Rodney Bay, St Lucia
Sorry, we’ve just realised we’ve now been in St Lucia for nearly a week and not let you know! We had another great sail from St Anne on Martinique – the forecast was very light winds and we were expecting to motor, but we had a perfect force 4 on the beam in pretty flat seas and romped along at about 7 knots under full sail – wonderful. We got here early enough to get the boat ready for visitors, but decided the anchorage was so nice we stayed out of the marina for as long as possible. Unfortunately after 4 nights in the relative cool we are now in the über-sophisticated but very hot Rodney Bay Marina which, being in a lagoon, doesn’t get the full breezes and is all the hotter for not being clean enough to swim in. This is our first normal marina with finger pontoons etc since leaving Europe and we entered with some trepidation (as we have a bit of history bashing Goldcrest about against pontoons!). However we got in easily and only damaged the bow when stowing the anchor this time (oops).

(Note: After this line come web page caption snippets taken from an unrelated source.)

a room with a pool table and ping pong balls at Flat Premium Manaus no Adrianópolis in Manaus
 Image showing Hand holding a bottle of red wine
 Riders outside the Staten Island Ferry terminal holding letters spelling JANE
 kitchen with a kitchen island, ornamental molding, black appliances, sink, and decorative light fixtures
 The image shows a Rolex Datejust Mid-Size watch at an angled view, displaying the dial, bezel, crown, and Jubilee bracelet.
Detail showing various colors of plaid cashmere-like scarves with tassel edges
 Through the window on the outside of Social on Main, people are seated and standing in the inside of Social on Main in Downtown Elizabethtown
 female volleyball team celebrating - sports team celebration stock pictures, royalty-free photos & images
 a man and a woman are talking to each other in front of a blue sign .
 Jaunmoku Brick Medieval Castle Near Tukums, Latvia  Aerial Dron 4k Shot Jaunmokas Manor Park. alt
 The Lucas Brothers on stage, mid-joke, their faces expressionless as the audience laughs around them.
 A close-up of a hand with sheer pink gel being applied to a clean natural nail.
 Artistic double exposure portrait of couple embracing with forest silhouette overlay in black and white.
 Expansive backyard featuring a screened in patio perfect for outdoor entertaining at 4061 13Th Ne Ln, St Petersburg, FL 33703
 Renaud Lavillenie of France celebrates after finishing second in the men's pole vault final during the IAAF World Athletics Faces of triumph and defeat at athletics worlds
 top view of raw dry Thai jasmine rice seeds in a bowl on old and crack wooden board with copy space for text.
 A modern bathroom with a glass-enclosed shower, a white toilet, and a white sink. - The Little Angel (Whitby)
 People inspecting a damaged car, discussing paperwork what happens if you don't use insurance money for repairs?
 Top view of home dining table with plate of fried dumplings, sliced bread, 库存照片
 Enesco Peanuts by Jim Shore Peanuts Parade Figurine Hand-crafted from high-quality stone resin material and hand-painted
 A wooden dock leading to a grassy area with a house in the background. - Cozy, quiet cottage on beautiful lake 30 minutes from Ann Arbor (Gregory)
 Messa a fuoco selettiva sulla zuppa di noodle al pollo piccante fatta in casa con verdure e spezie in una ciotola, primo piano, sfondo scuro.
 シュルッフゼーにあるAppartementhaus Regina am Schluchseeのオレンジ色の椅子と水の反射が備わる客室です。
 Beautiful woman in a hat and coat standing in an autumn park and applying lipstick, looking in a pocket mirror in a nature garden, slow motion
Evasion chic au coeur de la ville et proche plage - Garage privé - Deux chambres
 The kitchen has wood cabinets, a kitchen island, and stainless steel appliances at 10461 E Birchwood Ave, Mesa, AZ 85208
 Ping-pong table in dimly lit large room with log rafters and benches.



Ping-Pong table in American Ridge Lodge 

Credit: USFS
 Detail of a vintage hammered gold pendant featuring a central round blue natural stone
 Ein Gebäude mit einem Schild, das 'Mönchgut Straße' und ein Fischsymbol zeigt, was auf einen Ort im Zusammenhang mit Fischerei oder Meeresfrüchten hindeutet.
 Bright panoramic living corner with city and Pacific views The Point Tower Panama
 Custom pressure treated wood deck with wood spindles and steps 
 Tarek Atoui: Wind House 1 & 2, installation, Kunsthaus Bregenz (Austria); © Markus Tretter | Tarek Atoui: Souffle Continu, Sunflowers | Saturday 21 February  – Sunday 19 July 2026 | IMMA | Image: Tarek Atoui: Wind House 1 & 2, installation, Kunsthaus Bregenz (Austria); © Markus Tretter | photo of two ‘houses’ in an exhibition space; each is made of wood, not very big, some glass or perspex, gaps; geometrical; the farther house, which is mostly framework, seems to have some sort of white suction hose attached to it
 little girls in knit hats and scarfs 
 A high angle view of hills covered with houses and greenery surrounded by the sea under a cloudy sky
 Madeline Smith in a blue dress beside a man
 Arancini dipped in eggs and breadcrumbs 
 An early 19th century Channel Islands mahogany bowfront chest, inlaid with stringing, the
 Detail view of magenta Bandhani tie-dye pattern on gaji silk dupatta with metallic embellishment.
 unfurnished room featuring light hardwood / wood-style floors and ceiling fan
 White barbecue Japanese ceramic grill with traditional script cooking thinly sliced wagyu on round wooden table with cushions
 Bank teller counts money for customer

At anchor, we had a great walk around the nearby headland “Pigeon Island” which was only connected to the mainland a few decades ago. It’s had an interesting history as a military base and seen plenty of skirmishes between the Brits and French. Confusingly for an ex-Bristish colony most of the place names in St Lucia are French! We managed to get a rare snap of the two of us together at the top:
… and saw a pair of kestrels (we think) “making love” on a branch (modesty forbade us from snapping them in the act – here they are recuperating:
This is about the most sophisticated place we’ve been to in the Caribbean so far. The marina is full of very popular bars/restaurants and the local shopping consists mostly of expensive malls full of shops which seem to be empty of customers. We were initially mesmerised by the foodstuffs available in the two local supermarkets, but once we saw the prices we realised that we would not be stocking up too much here! Today we took the bus into the capital Castries for the huge Saturday produce market; once again we didn’t recognise half the stuff there and what we did buy was pretty expensive, but we enjoyed the experience. What are all those roots and bit of tree trunk that are on sale? We have found out the names of some of them, honest!
And in case you get confused about what to do in a market, here are your instructions…
So we now need to get the boat cleaned up and tidy for Patsy & Roger who join us for the next three weeks or so and a passage through some of the best bits of the Caribbean, en-route for Trinidad.